■ **Exercise materials**:
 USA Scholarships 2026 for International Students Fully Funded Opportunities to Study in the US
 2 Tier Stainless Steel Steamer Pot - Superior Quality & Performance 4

---

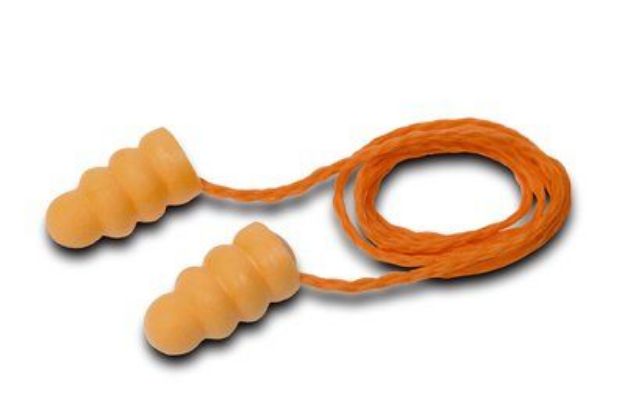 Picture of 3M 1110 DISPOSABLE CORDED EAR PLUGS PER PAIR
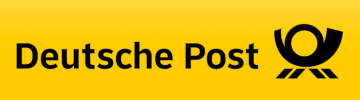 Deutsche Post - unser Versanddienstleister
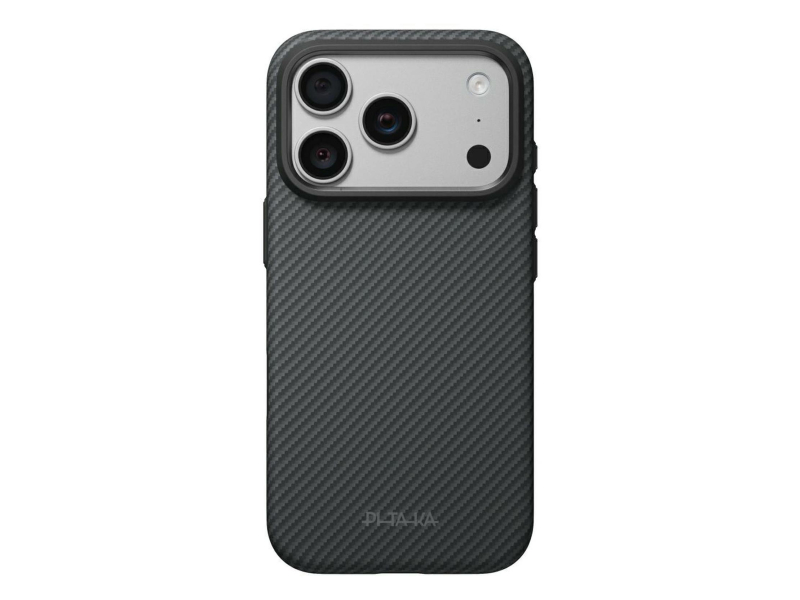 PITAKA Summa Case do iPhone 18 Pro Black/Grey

--

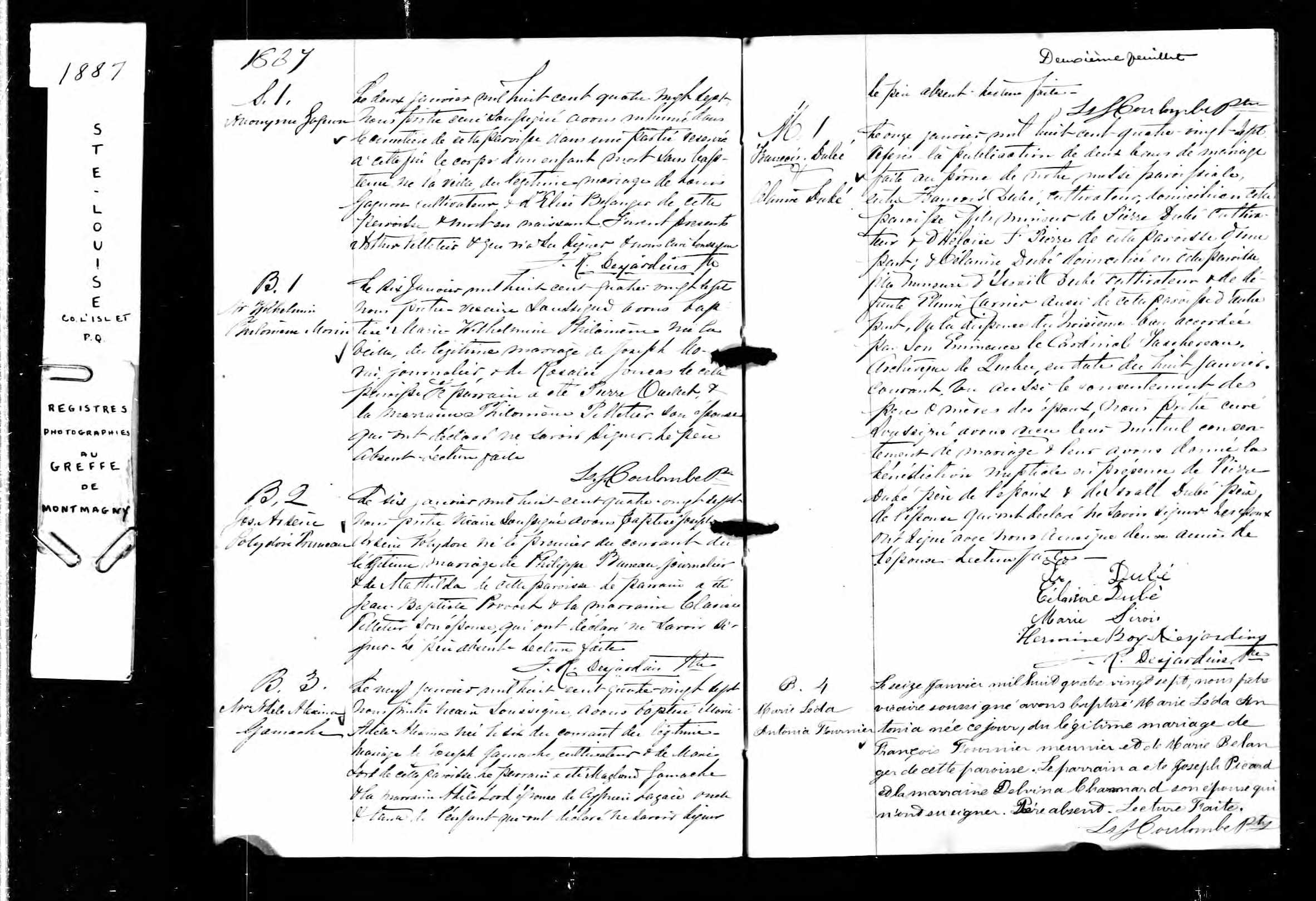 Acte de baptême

■ **Description of the task**:
Set down exactly the lines above, from the line containing "Picture of 3M" through the line containing "PITAKA Summa Case". Skip the pictures.

■ **Response area**:
 Picture of 3M 1110 DISPOSABLE CORDED EAR PLUGS PER PAIR
 Deutsche Post - unser Versanddienstleister
 PITAKA Summa Case do iPhone 18 Pro Black/Grey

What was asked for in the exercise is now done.